- Poster
- Directed by: Satyajit Ray
- Screenplay by: Satyajit Ray
- Based on: Atithi (short story) by Satyajit Ray
- Produced by: Satyajit Ray
- Starring: Utpal Dutt Mamata Shankar Deepankar De Dhritiman Chatterjee Promod Ganguli Rabi Ghosh
- Cinematography: Barun Raha
- Edited by: Dulal Dutta
- Music by: Satyajit Ray
- Production companies: NFDC DD Productions
- Distributed by: Artificial Eye (UK)
- Release dates: 1991 (India); 22 May 1992 (US); 19 November 1993 (UK);
- Running time: 120 minutes
- Countries: India France
- Language: Bengali

= Agantuk =

Agantuk (lit. 'Guest'; known by its English title The Stranger) is a 1991 Bengali-language drama film written and directed by Satyajit Ray. Notable for being Ray's last film, it was based on one of his own short stories, Atithi. A joint Indo-French production, it received financial backing from companies such as Gérard Depardieu's DD Productions and Canal+.

== Plot summary ==
Anila Bose, who lives in Calcutta, receives a letter from someone claiming to be her long lost uncle, Manomohan Mitra. He writes that he is visiting India after 35 years abroad and, as Anila is his only surviving relative, wants to meet her before he sets off again. Anila looks forward to it, but her husband, Sudhindra, is suspicious. The uncle arrives and stays. He says that he is an anthropologist who has traveled all over the world, and immediately wins the friendship of their pre-teen son, Satyaki.

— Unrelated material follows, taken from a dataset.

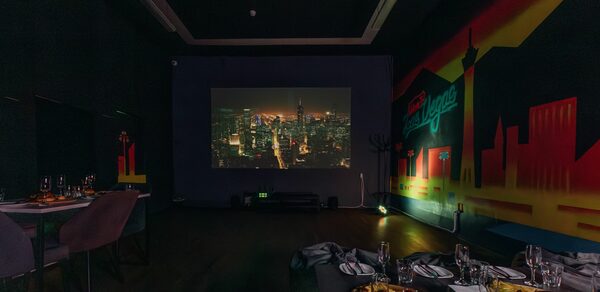 Rubin Loft (Рубин Лофт). Зал Лас-вегас. Тёмная комната с проектором на стене, показывающим городской пейзаж. На стенах граффити со зданиями. Несколько столов с посудой и сервированными блюдами. Мягкие стулья серого цвета, тёмный деревянный пол. Слабое освещение.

Anila suddenly remembers her grandfather's will, and Sudhindra is quick to suspect that the man calling himself Manomohan has come only to claim his share of the inheritance. Anila also starts to doubt his identity, while their son truly believes that he is who he claims to be.

The central conflict of the film rests upon the identity of the man and the family's struggle to determine it. Sudhindra subjects the visitor to various tests, such as looking at his passport. However, the visitor embarrasses Sudhindra and later his friend Rakshit by his ability to read minds. In a final attempt to establish the truth, Sudhindra invites a lawyer friend to gently question the guest. This is when the visitor reveals his deep knowledge, rich experiences and profound views of life, impressing Anila and Sudhindra. However, things turn ugly as the lawyer's frustration builds up until he orders the guest to "either come clean or just clear out". The next morning, the visitor is gone. Desperate to find him and win him back, the family finally learns that he is in fact Manmohan Mitra, and has visited the executor of the will. The couple apologise and persuade him to return. Back in Calcutta, after he leaves for Australia, the couple learn that Manmohan has given them his share of the inheritance.

== Cast ==
- Utpal Dutt	... Manomohan Mitra / The Agantuk
- Deepankar De ... Sudhindra Bose
- Mamata Shankar ...	Anila Bose
- Bikram Bhattacharya ... Satyaki Bose
- Dhritiman Chatterjee ... Prithwish Sen Gupta
- Rabi Ghosh ... Ranjan Rakshit
- Subrata Chatterjee ... Chhanda Rakshit
- Promode Ganguly ... Tridib Mukherjee
- Ajit Bandyopadhyay ... Sital Sarkar

== Production ==
Agantuk is Satyajit Ray's last film. He died on 23 April 1992, at the age of 70. The film was a joint Indian-French production with financial backing from Gérard Depardieu's DD Productions, Canal+ and a couple of other French companies. Depardieu is credited as executive producer.

==Reception==
The film was critically acclaimed upon its release. The film ranked 2nd on Cahiers du Cinéma's Top 10 Films of the Year List in 1992. Leah Garchik of San Francisco Chronicle wrote the film "is a fitting ending to Ray's 30-film career — it was Film of the Year in India in 1992 — a strong and underlined summing- up statement about capital-M Man and capital-C Civilization." Hal Hinson of Washington Post wrote the film "shows all the virtues of a master artist in full maturity." Vincent Canby of New York Times wrote about the film "A small, gentle, exquisitely realized comedy about, among other things, family loyalties and trust in a world in which traditions have been devalued."

== Awards ==
At the 1992 Indian National Film Awards, Agantuk won the awards for Best Feature Film and Best Directing, and the Special Jury Award went to Mamata Shankar for her portrayal of Anila. At the Ritwik Ghatak awards, it was named the Best Film, while Ray was named the Best Scenario Writer.

== Sequel ==
A stand-alone sequel named Agantuker Pore was supposed to be in production, but has been shelved. Mamata Shankar, Deepankar De and Dhritiman Chatterjee were to reprise their roles from this film. Actor Abir Chatterjee was to play the role of the adult Satyaki. Payel Sarkar and Tridha Chowdhury were to be seen in important roles. It was supposed to be directed by Orko Sinha, who said the story would be completely different from the previous film.